The only thing I ever wanted for my son was for him to be able to be a productive member of society and to respect people…especially the person he was going to choose to spend the rest of his life with. It makes me happy that he respects her. It makes all the horrible things that happened in the past not so horrible.  Maybe he had to go through all that to become the man he is today.  He is strong, caring, sensitive and will make a good husband. He better or I’ll clock him!

So now to pass the torch on to his soon to be wife. I can still worry about him and miss him…and I will.  But knowing that he has someone who loves him and will take care of him and respect him makes it a little easier for me.  I want nothing but love and happiness for them both.  I think they are really good together.  They seem to bring out the best in eachother.  And I’m very happy to be gaining a daughter.

No news is good news

I haven’t written in a while.  Nothing really to report.  The treatment is going okay. Because my white blood count was good they didn’t give me the Neulasta shot this last time.  So we’ll see how that works.  The only real side effect besides being tired all the time and the needles and pins from my knees down.  I’ve been doing pretty good with the nausea for the most part as long as I keep on top of my meds.  I’ve been overly emotional the last few weeks.

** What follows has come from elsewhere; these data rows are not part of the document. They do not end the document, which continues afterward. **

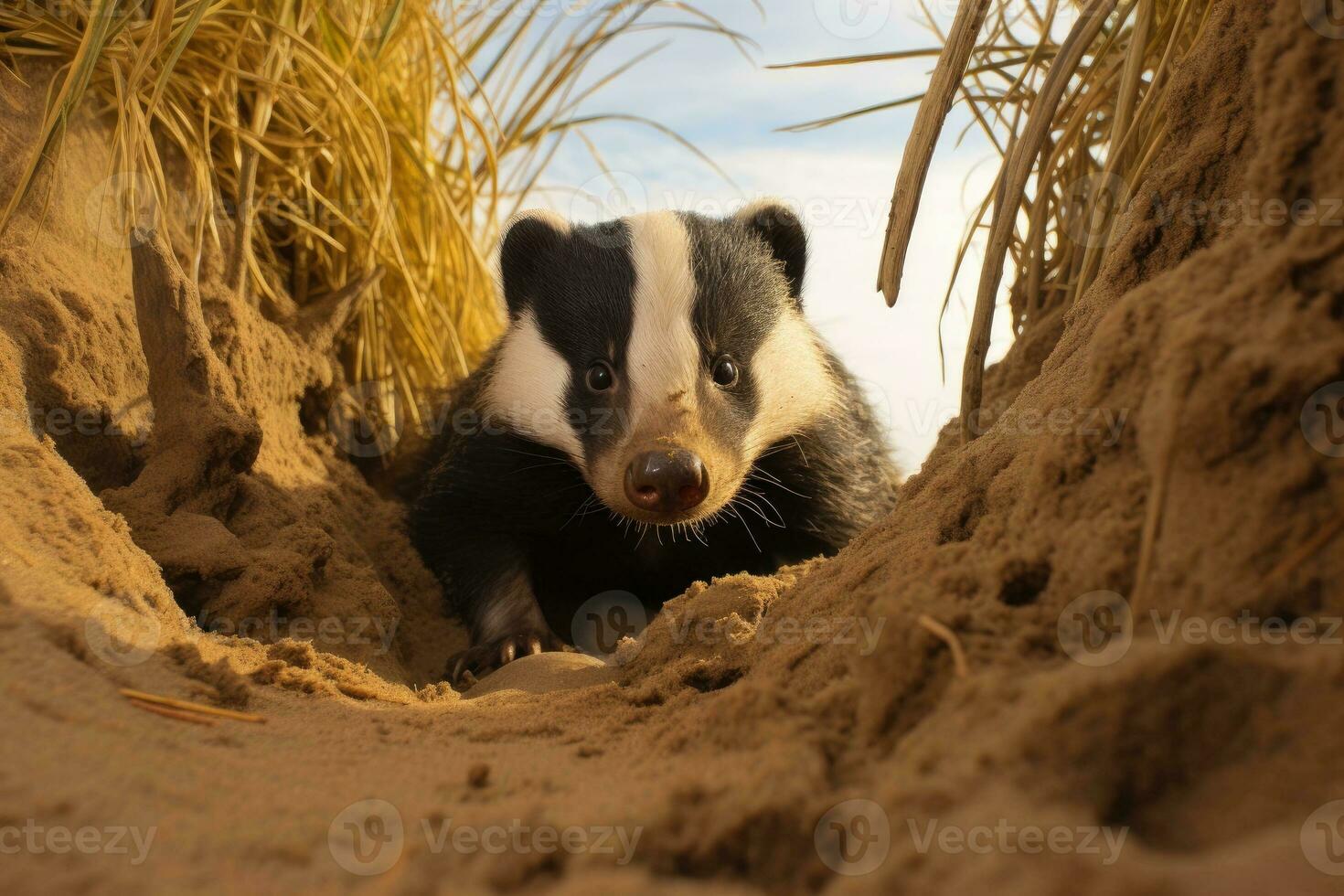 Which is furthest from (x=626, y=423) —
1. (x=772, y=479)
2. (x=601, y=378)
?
(x=772, y=479)

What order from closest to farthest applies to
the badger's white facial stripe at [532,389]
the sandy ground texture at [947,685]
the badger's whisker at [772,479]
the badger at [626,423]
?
the sandy ground texture at [947,685] → the badger at [626,423] → the badger's white facial stripe at [532,389] → the badger's whisker at [772,479]

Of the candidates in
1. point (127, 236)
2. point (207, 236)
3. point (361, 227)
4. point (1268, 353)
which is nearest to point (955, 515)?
point (1268, 353)

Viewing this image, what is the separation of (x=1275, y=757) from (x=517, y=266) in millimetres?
2645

You would think that with the whole anti-hormone thing I would be emotionless or something.  HA!  They did put me on an anti depressant (lots of anti stuff going on).  The only thing I can think of is so it’s set up and ready to go for the impending surgery.  I have a feeling that’s going to be kinda hard.  All I know about that so far is I have 2 more chemo treatments then we are going to take some pictures to see what is going on. Then if everything looks good we will talk more about the surgery.  I’ve been thinking about it.  Hard to say how I really am going to react.  I could be totally fine with it or I’ll totally lose it.  It’ll be interesting that’s for sure.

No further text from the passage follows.